Besides the cat’s timely passing, all of the craziness is good and exciting. Next week we will gather for Zoe’s kindergarten graduation. We told Mrs. Ryberg that this is the last Repenning graduation for reals this time. Zoe is so excited for her big day. She has been humming all the songs she will sing for us in preparation, and keeps asking me if we can go to the picnic afterwards to continue the celebration. I’ve had to remind her a few times that “no, we can’t do the picnic after your graduation because we have to drive to Boulder next so we can watch Jack graduate too”. To Zoe, this is nonsense.
Having a child graduate from high school is very exciting. I’m also panicking because I have yet to see his cap and gown, and even though I know I ordered one, I feel like there may be a crisis ahead. Also, did I pay all the fees so he can walk? And did he really get through all his classes? And shouldn’t he be 7 years old still, playing with light sabers and running all over the backyard screaming about Star Wars to his 2 year old brother?
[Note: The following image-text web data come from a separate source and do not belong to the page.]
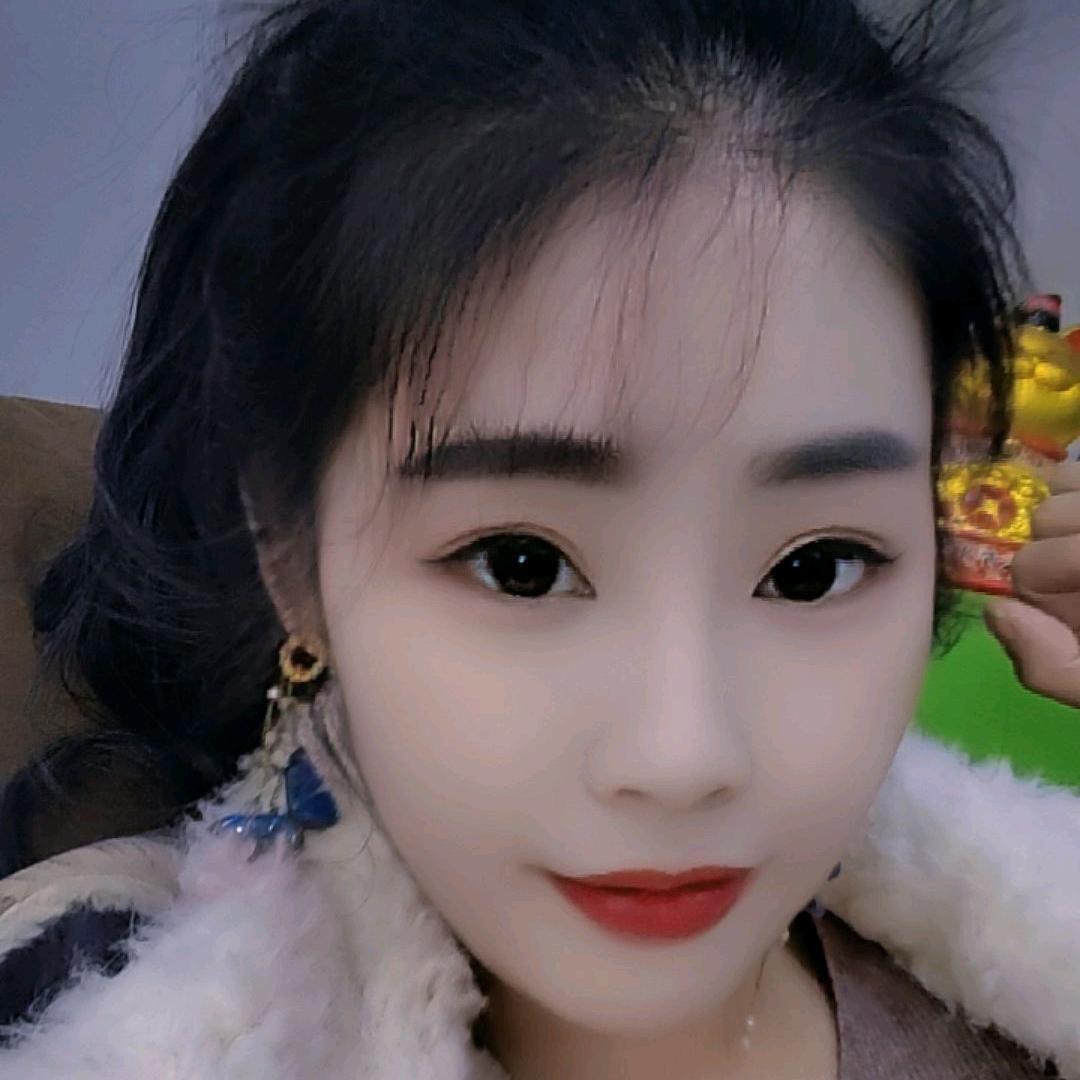 云梦小秋修脚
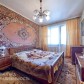 Малое фото - Уютная 2-комнатная квартира в Малиновке — 30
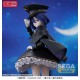 My Dress-Up Darling - SAJUNA INUI (Black Lily ver.) - Luminasta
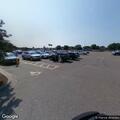 Traffic stop in Kohl’s parking lot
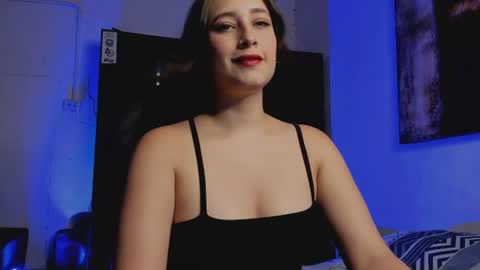 Snapshot of melissaxrose chatting on June 29, 2026, 9:37 pm melissa rose online show from June 29, 2026, 9:37 pm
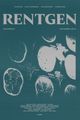 RENTGEN picture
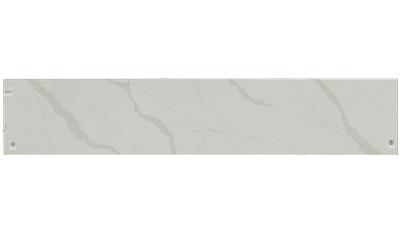 Calacatta Elysio
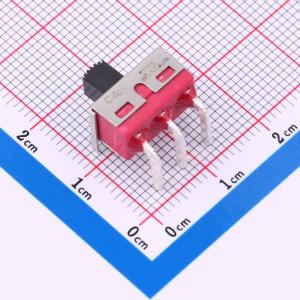 1101M2S3AQE2商品缩略图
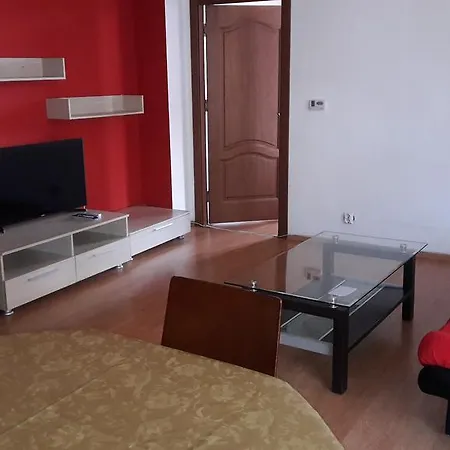 Lh * Cluj-Napoca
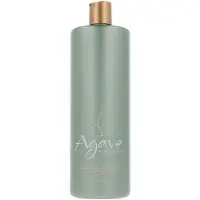 Agave Champú Purificante Healing Oil Clarify 935ml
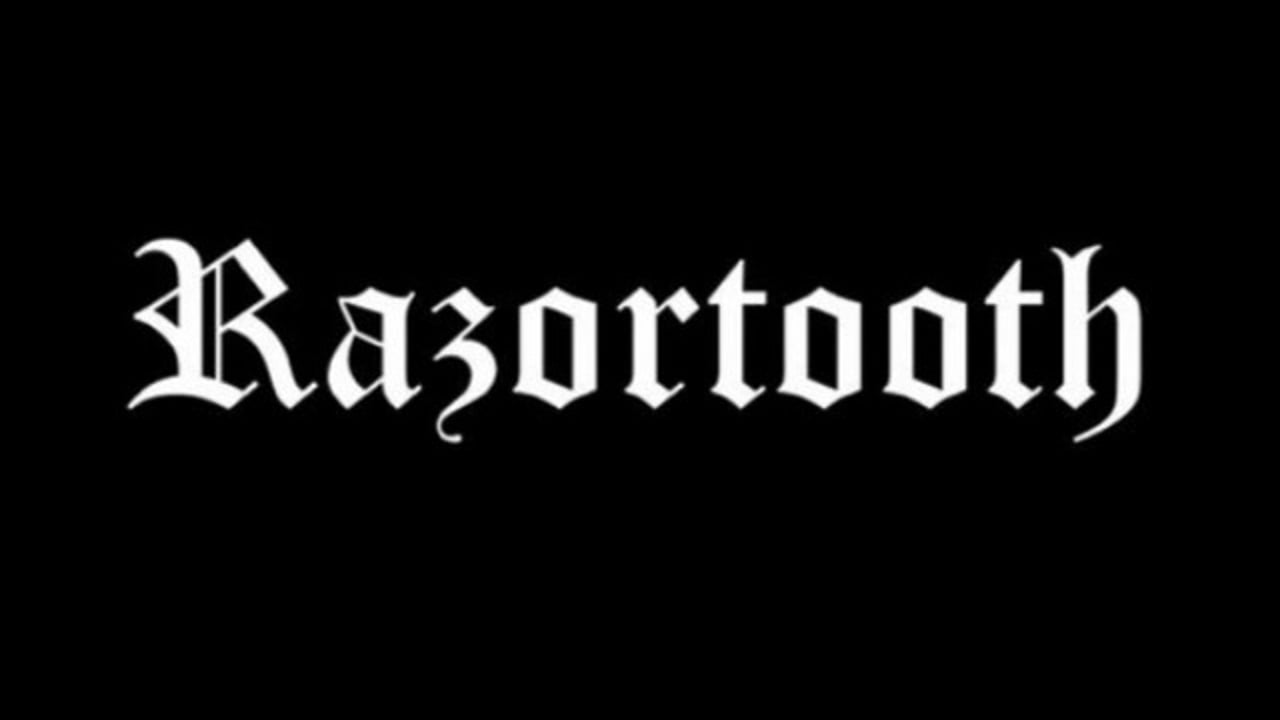 Razertooth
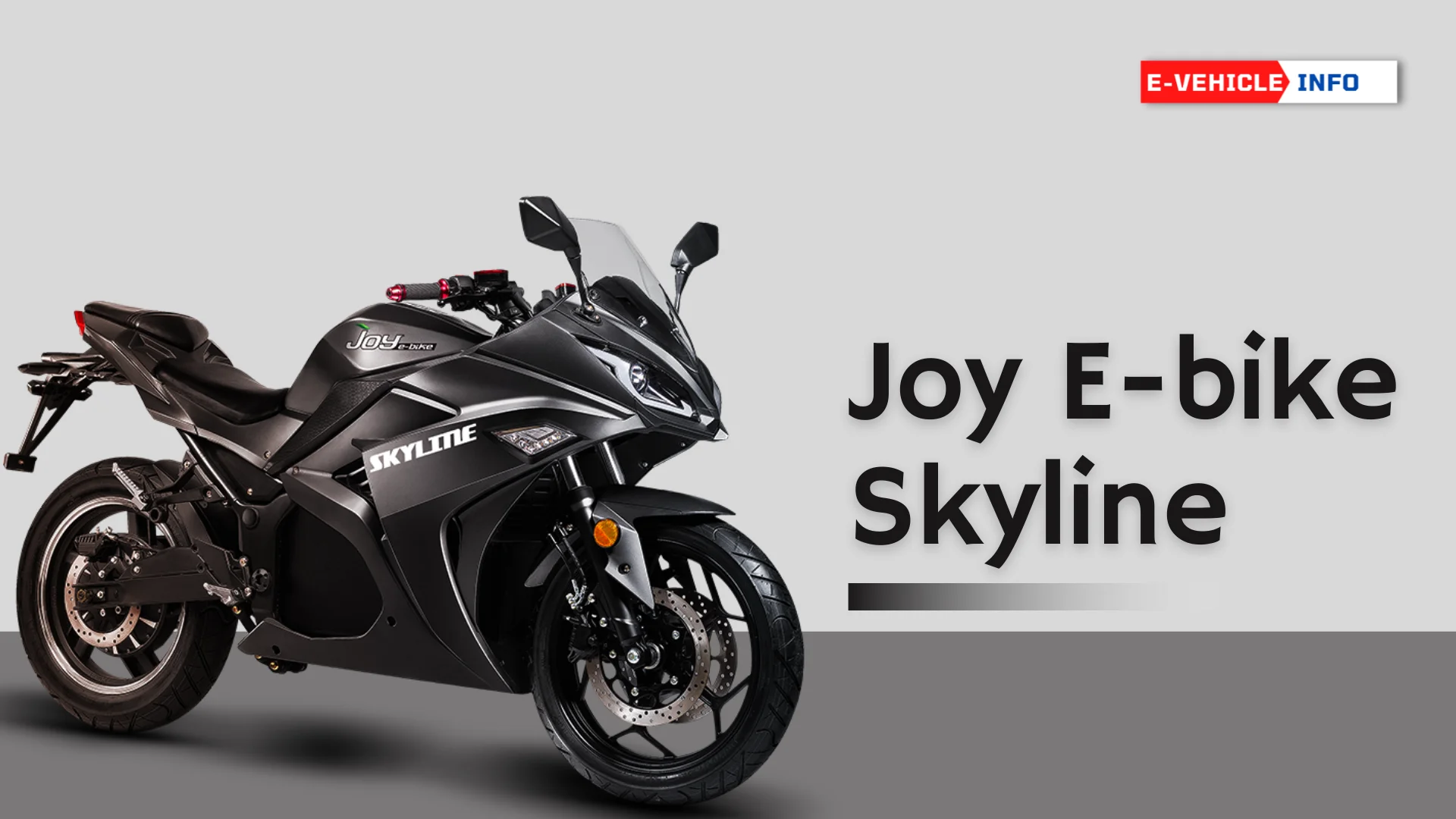 https://e-vehicleinfo.com/joy-e-bike-skyline-price-in-india-specs-highlights/
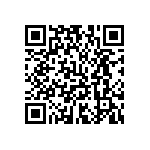 IEGF6-70003-3-V QRCode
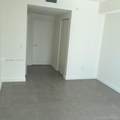 1100 Miami Ave - Photo 10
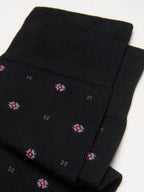 Yamamay Montenegro Long socks | TCZU191011_145_02.jpg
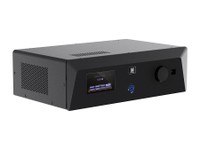 best av processor
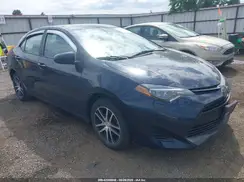 2T1BURHE1KC177991 2019 TOYOTA COROLLA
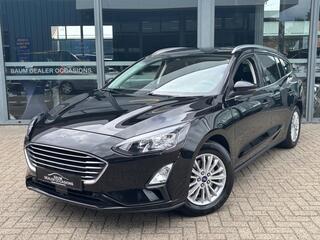 ford-focus-1.0-ecob.-tititanium-x-b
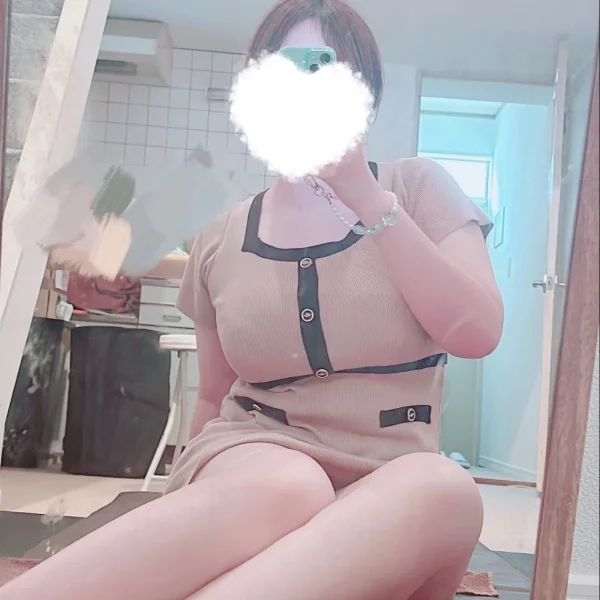イキたいのに……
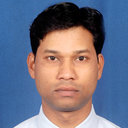 Satya Narayan Sahu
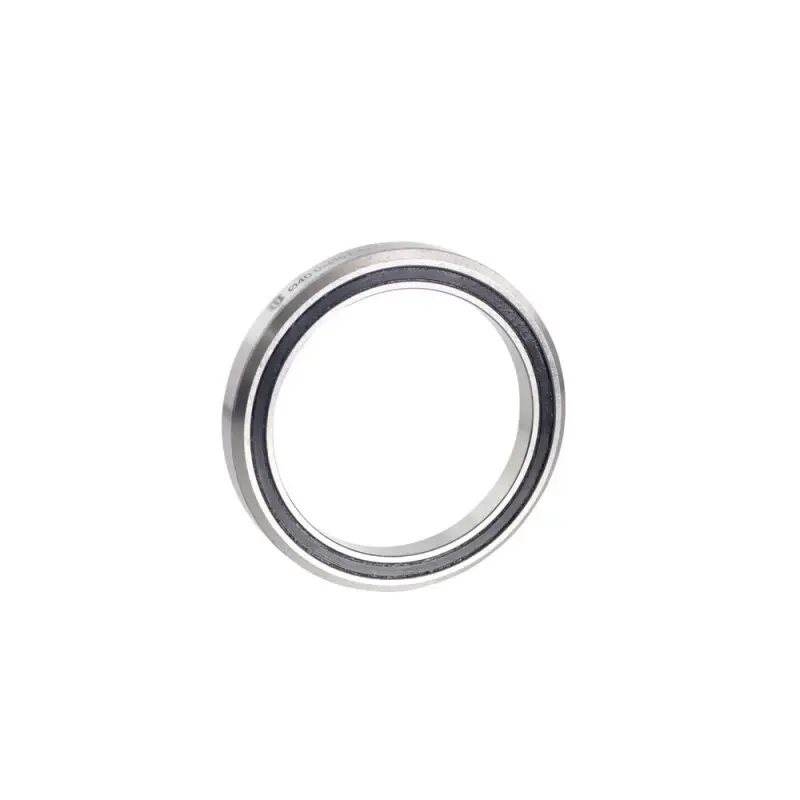 Image of Steuersatzlager Marwi Headset CB-776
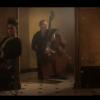 Florent Pagny, image du clip A La Huella A La Huella, extrait de l'album Baryton, gracias a la vida (octobre 2012)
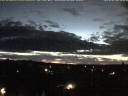 Vorschaubild von 02.09.2025 20:40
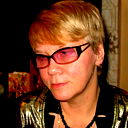Галина Николенко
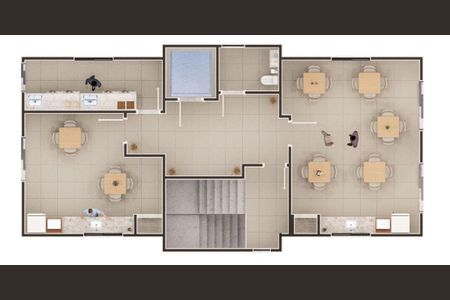 4_photo/94dce56de1.0f81dd1a9a4f6ffb-ATLAS-e19281da-d85b-4d26-a8c0-1834ebe93ff9.jpg de apartamento à venda com 2 quartos, 48m² em Cajuru, Curitiba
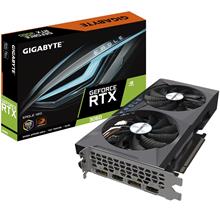 Gigabyte Gv-N3060Eagle-12Gd  Rtx3060 Eagle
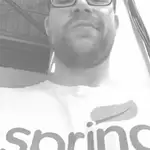 Git MCP Spring And Graalvm logo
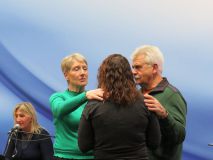 k-IMG_4984
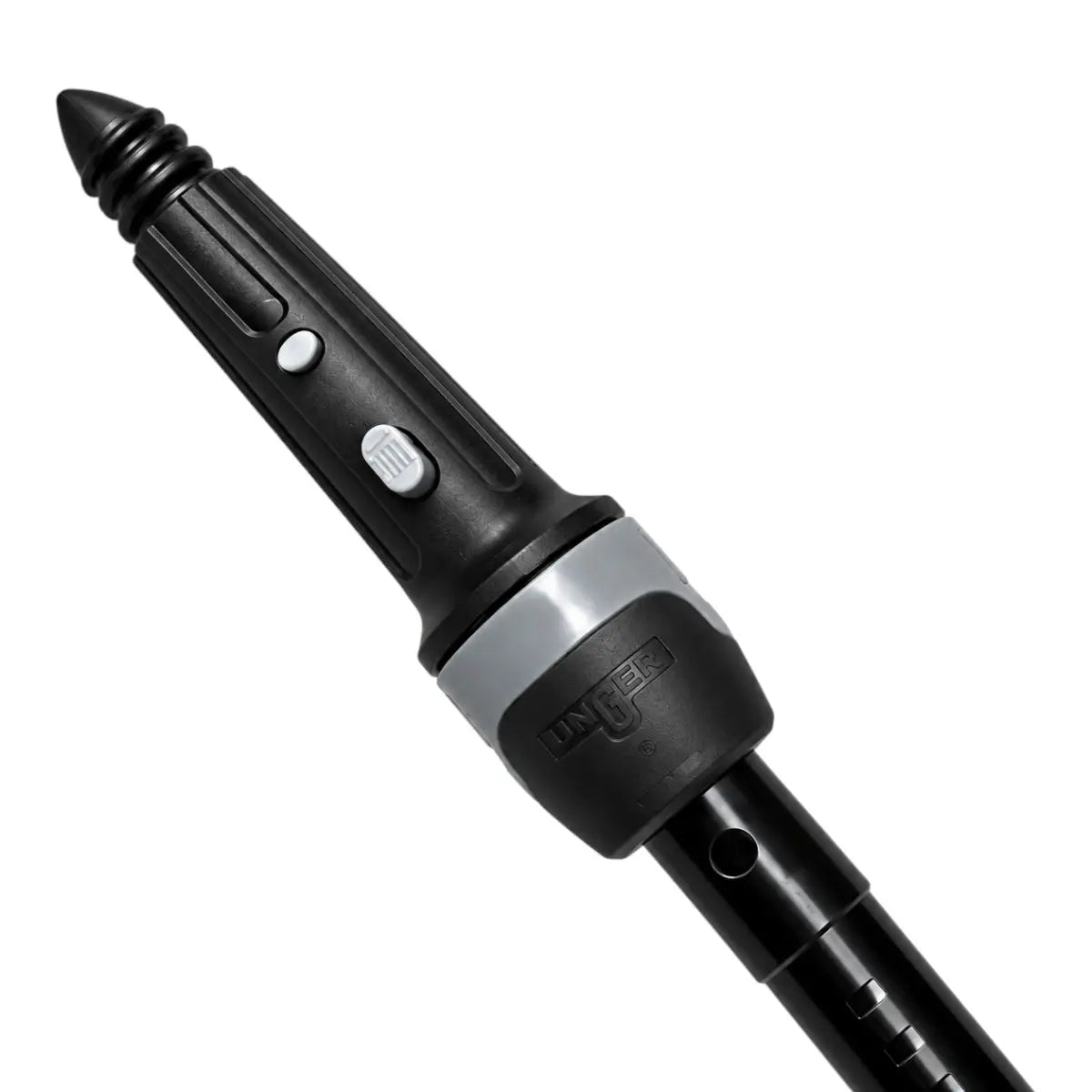 MAYKKER Mini Adapter - MP-NU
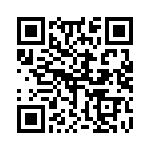 252B124A40TB QRCode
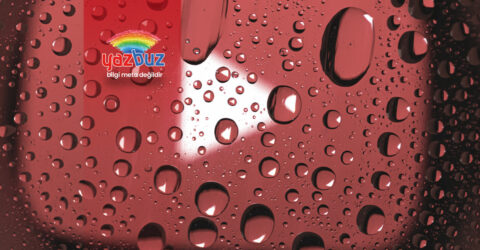 youtube'da en çok izlenen videolar listesi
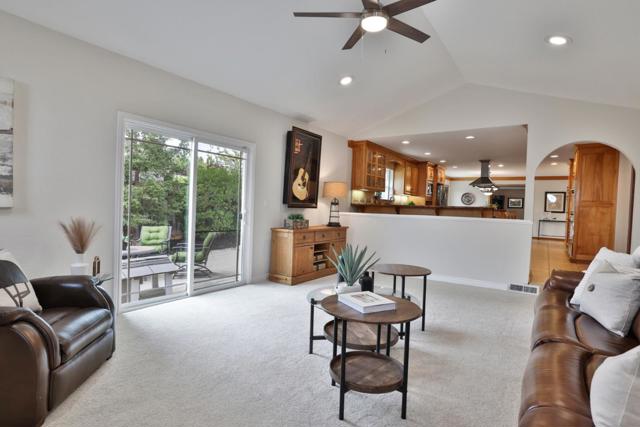 2017 Gypsy Avenue, San Martin CA: https://media.crmls.org/mediaz/17716d7a-322c-4349-8198-4986252fc096.jpg
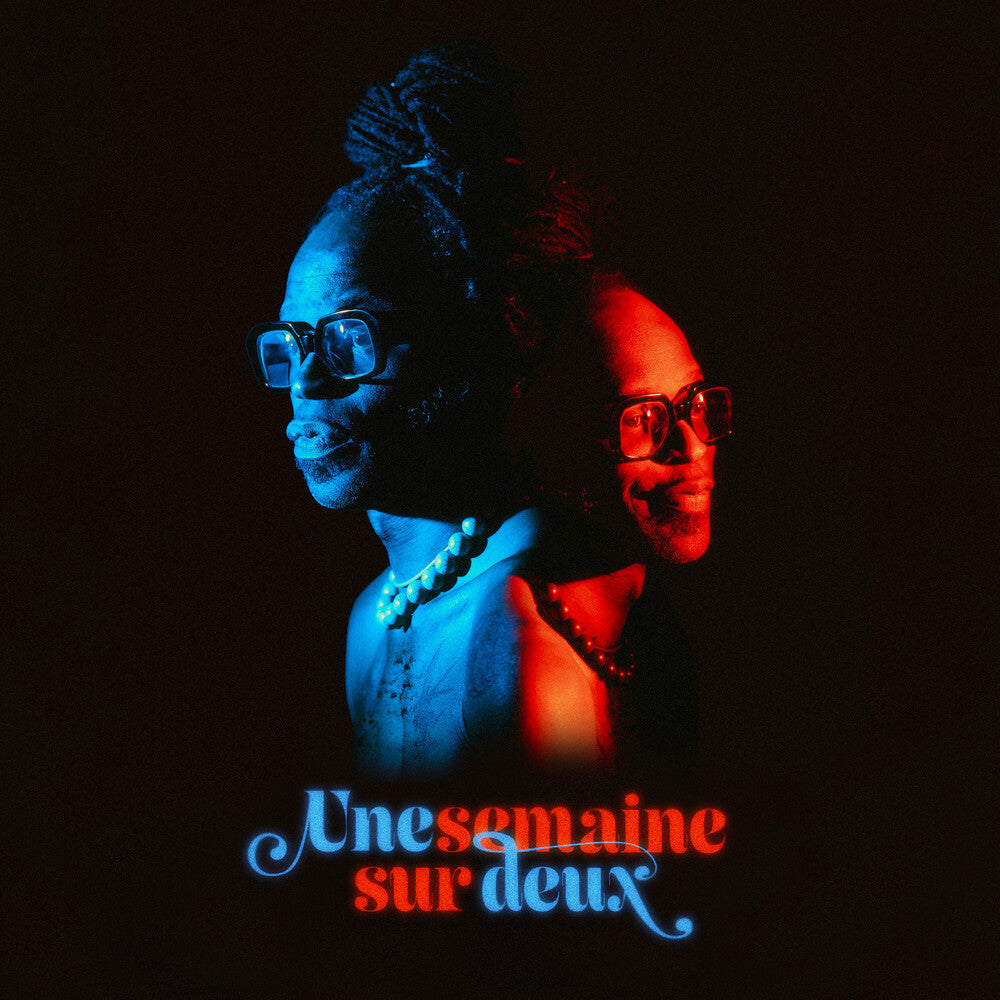 11/20/2026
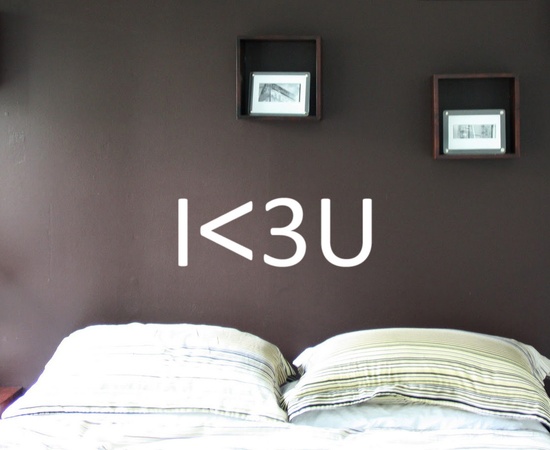 33b67f404adf62499f8ed0308e1c4fa7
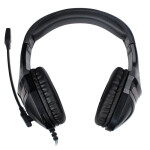 Гарнитура Oklick HSL 370 G Eclipse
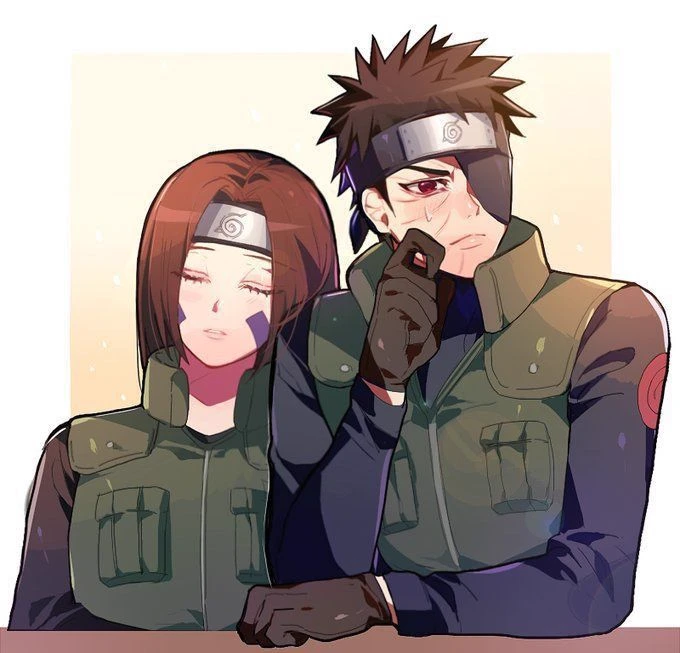 obito uchiha thumbnail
People have asked if I feel sad about Jack graduating. Most of the time I can honestly say no, I am not sad at all. I feel relief and joy. I’m thrilled he will stay home another year to attend community college, and I am very thankful he is becoming a man in so many ways. The only thing that saddens me is that Jack’s childhood has come to a close.
My firstborn child has somehow had an idyllic childhood, despite the many flaws of his mom and dad. He has lived in the same house for most of his life. He has attended one school. He has good buddies. He has happy memories. He has grown facial hair. He has had his share of hardships too, but in all, the boy has been blessed. And sheltered. And at times, crippled by the fear of the hard stuff he knows will eventually come his way.
Jack is about to take steps toward adulthood, as he walks down that aisle next week, to receive the diploma he has worked so hard to attain. All the projects, dioramas, poster board presentations, wax museums, book reports, goal fairs, math…all of this is over and done. Time to move on to the real test, which is using all the skills he has obtained thus far to start the next chapter. He might not have to do any more shoebox dioramas, but the projects and learning never end.
I don’t have any grand words of wisdom for Jack this week as he closes this chapter. The words have already been said: conversations over dinner, sitting around the fire pit, in the hallway by the bathroom…18 years of talking. Sure, the talking will continue, but there is a shift in our discussions. Jack is a young man, one we respect, and while I may not agree with his outlook on every subject, I will encourage his thought process and support him unconditionally. Being a mom to this kid is a privilege, blessing, and gift. He humbles me often, makes me laugh out loud, and challenges me to be a better person daily. For the abundant gifts that come directly from the Hand of God I am thankful, and for Jack, I am content.